Lynn stands in the garden area at the entrance to Heidrun Meadery’s tasting room.

We started out the day at Heidrun Meadery, which two years ago opened across Highway 1 from Campolindo Road, where Mitchell cabin is located.

Despite its being so close, Lynn and I had not previously visited the meadery. Most of the time, guests need to make reservations for mead tastings, but on Saturday the meadery held a “holiday open house.” Another is scheduled for Dec. 7.

Heidrun owner Gordon Hull tells guests about the different varieties of mead he produces.

Mead is an alcoholic drink made by fermenting honey and water. In various parts of Europe, it has been popular for centuries. Heidrun’s meads are bubbly, having been made with the same method used to make champagne. Despite the honey content, Heidrun meads tend to be more dry than sweet.

Inside Heidrun’s tasting room.

The meadery was founded in Arcata, Humboldt County, in 1997 and moved to Point Reyes Station in 2011.

Avery Giacomini describes how one cheese differs from another.

Point Reyes Farmstead Cheese gave out samples of Point Reyes Original Blue cheese and Point Reyes Toma cheese during the mead tasting.
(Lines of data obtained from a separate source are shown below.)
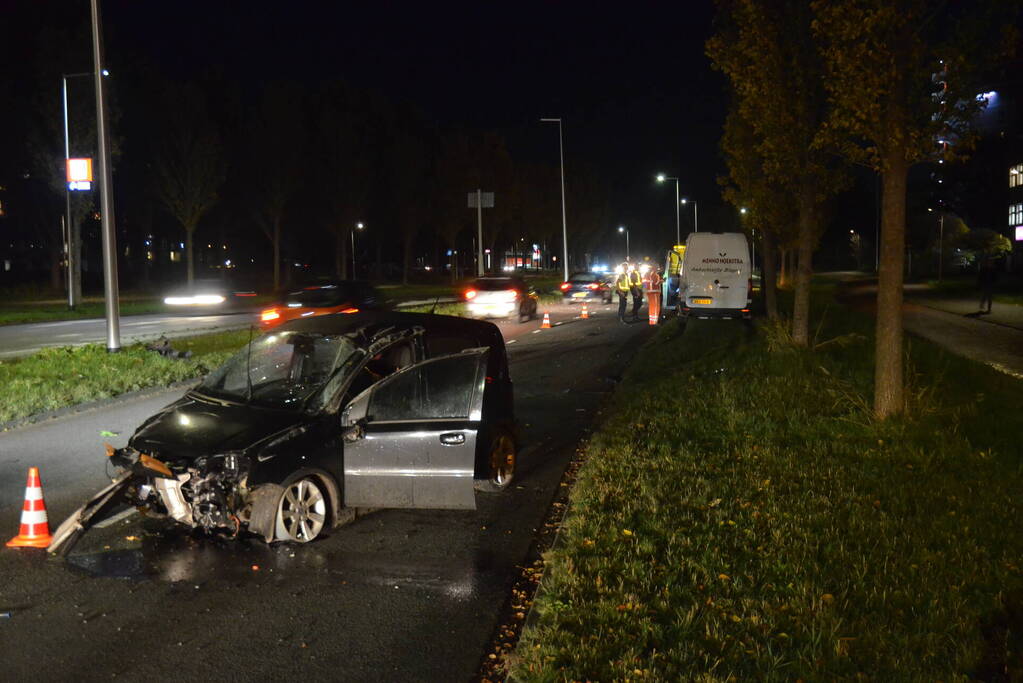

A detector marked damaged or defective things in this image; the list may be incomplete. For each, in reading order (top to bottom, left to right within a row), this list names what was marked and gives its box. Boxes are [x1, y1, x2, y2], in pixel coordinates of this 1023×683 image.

crumpled car hood [129, 396, 304, 464]
damaged black car [51, 312, 516, 552]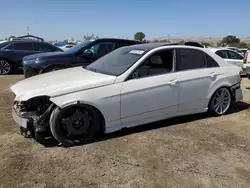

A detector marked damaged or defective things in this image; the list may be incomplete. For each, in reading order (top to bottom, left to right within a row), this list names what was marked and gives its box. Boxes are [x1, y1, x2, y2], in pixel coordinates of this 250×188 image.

crumpled hood [10, 67, 117, 100]
damaged front end [12, 97, 55, 141]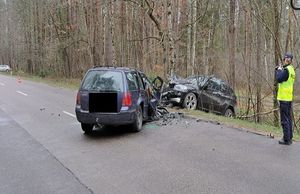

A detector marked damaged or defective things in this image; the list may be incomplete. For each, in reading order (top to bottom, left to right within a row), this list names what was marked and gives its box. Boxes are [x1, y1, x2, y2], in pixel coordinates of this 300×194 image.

crashed black car [164, 74, 237, 116]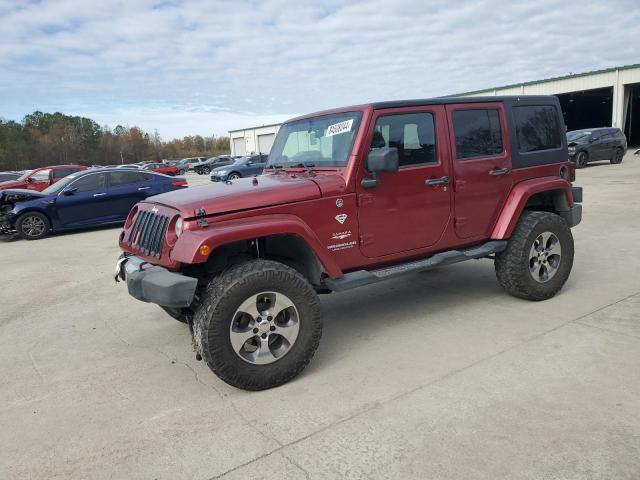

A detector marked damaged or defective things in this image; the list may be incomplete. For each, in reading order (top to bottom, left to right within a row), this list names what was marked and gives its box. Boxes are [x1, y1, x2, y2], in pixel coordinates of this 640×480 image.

crumpled front bumper [114, 255, 196, 308]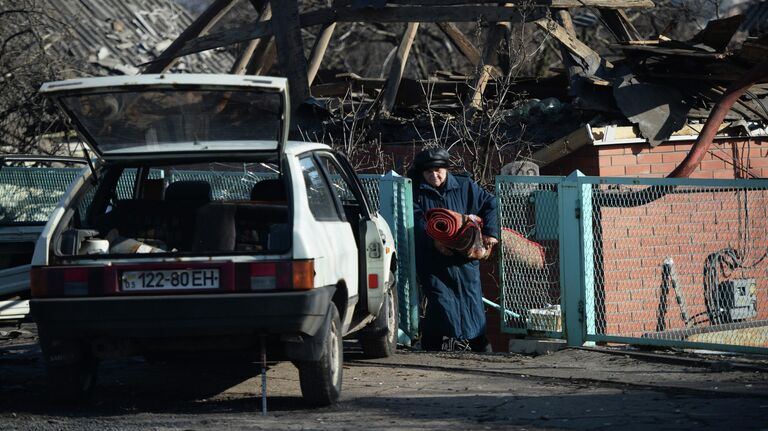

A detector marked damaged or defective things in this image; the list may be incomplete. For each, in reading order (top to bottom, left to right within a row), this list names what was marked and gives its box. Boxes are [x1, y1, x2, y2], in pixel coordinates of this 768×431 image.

charred wooden beam [144, 0, 238, 73]
charred wooden beam [268, 0, 308, 107]
charred wooden beam [380, 21, 420, 115]
broken roof edge [536, 123, 768, 169]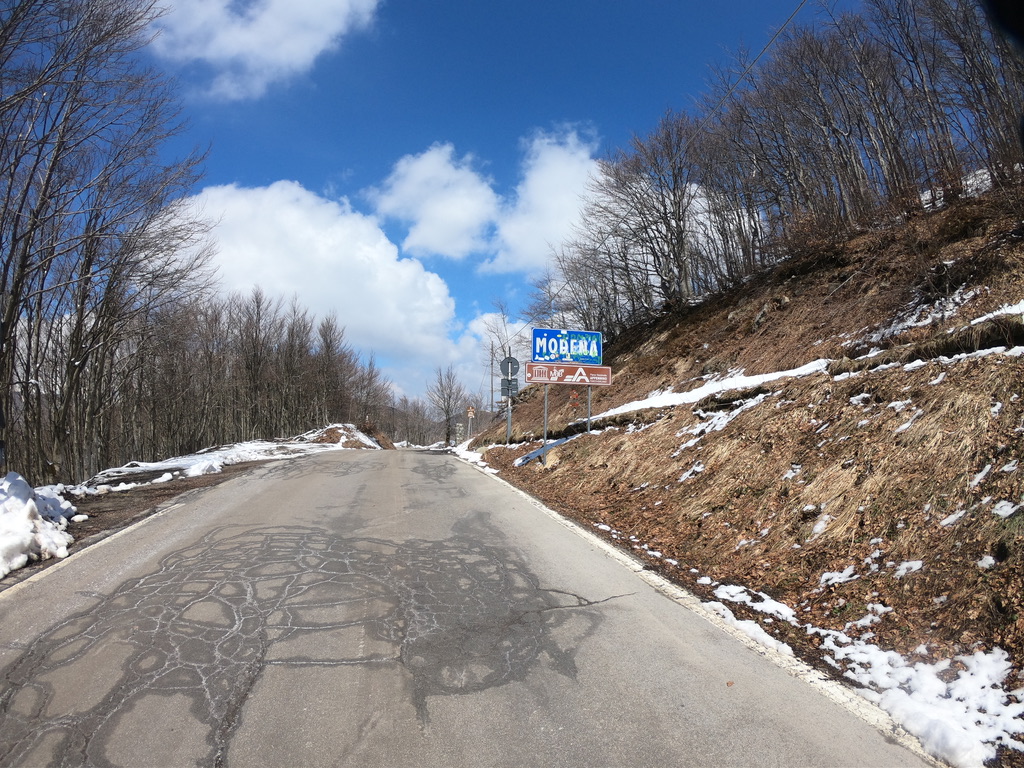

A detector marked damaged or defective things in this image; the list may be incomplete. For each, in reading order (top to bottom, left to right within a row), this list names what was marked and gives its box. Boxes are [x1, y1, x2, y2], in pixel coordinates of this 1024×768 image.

crack in road [0, 528, 606, 765]
cracked asphalt [0, 454, 937, 765]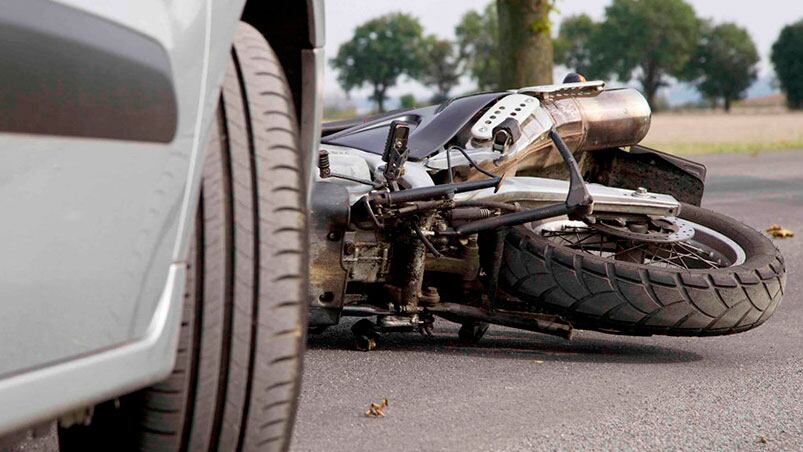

Cheese company owner Bob Giacomini grew up on his father’s dairy ranch in Point Reyes Station. In 1959, he purchased pasture land three miles north of town and went into the milk business on his own. In August 2000, the farm produced its first rounds of blue cheese, describing it as “California’s only classic-style blue cheese.”

The cheese, which is not as sharp as some blue cheeses, was immediately popular. In 2011, Point Reyes Original Blue won the gold medal for Outstanding Cheese/Dairy Product from the National Association for Specialty Food Trade. This year, Point Reyes Bay Blue won the gold medal for Best New Product while Point Reyes Toma was named the Outstanding Cheese/Dairy Product.

As it happened, musician Ingrid Noyes of Marshall (in the center talking with me) invited a number of other musicians over to play Saturday. Her friend, Vi­ctor Reyes (upper left), who writes a Spanish-language column for The Point Reyes Light, is also a longtime friend of mine, and he made sure Lynn and I were included. (I brought my harmonica.)

Cake on a stick.

By chance, Saturday was the birthday for three of us at the party, and Lynn brought a chocolate-fudge cake. The cake contained so much fudge that I was able to pick up my piece with the long birthday candle stuck in it. So that was the way I ate it, calling it “cake on a stick.”

Shaili (at center) in Kenya.

I received birthday greetings from several friends and relatives, but by far the most distant greeting came from my stepdaughter Shaili, who is in Kenya taking part in a study-abroad program of the University of Minnesota.

Although our voices faded in and out, Shaili, Lynn, and I were able to chat by cellphone. Other than getting help from tech support in India, neither Lynn nor I had previously talked on the phone with anyone so far away. The time in Kenya is 11 hours ahead of the time in Point Reyes Station.

Shaili is working at an education center for Maasai girls, who too often are forced into marriage before getting schooling. Lynn and I are extremely proud of her, and I couldn’t hope for a better 70th-birthday present than hearing her good wishes from rural Africa.